Casas antigas não falam, mas se lembram

E se viu sozinha naquele cômodo ancestral de portas eternamente abertas. Por ali passaram avós, tios, primos e amigos, cujas palavras – um dia proferidas – caíram sobre a terra e alimentaram as plantas da horta. Talvez, por isso todas elas estavam tão verdes e viçosas. Haviam ouvido por décadas as falas e as risadas daquela família peculiar. Se alimentaram das alegrias, secaram com os medos e refloresceram com a fé dos que pisavam aquele chão por puro afeto.

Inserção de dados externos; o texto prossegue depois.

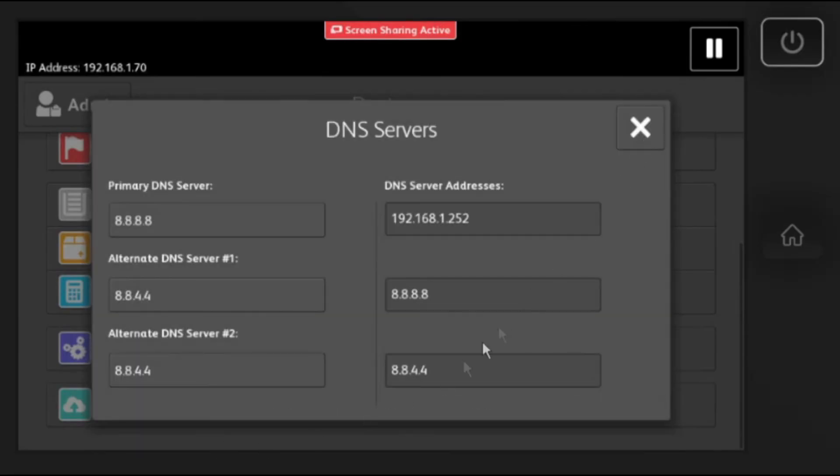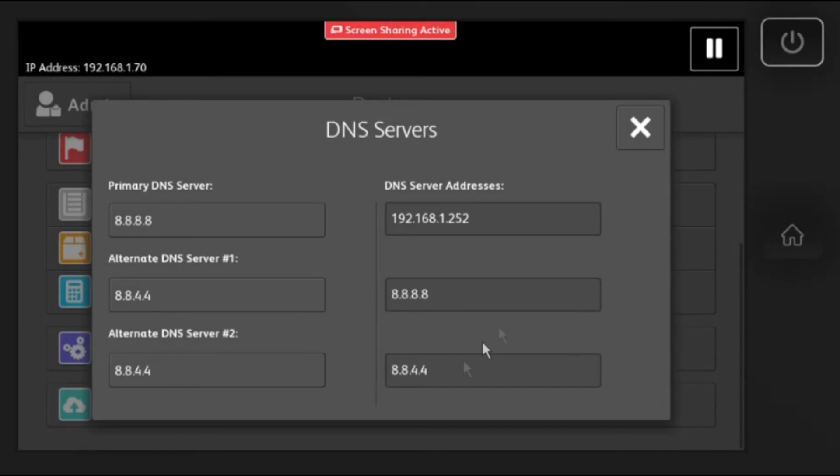You can ignore the alternate DNS server number two. I also want to note if your IT has a specific DNS or domain name for your network, you can input their custom information as well. If you don't know what it is, Google should work universally for everyone.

Enquanto a mangueira floria e dava frutos, indiferente aos ventos e tempestades, na mesa grande e retangular de cedro, cercada por oito cadeiras, dividiram o pão e a angústia, a raiva e o abraço, o adeus e a chegada em um constante ir e vir da vida.

Assim como abriram e fecharam milhares de vezes a porta da sala – cujos arabescos enferrujados foram repintados conforme o espírito da casa – para que conhecidos fossem embora para nunca mais voltarem e estranhos entrassem para ficarem por décadas.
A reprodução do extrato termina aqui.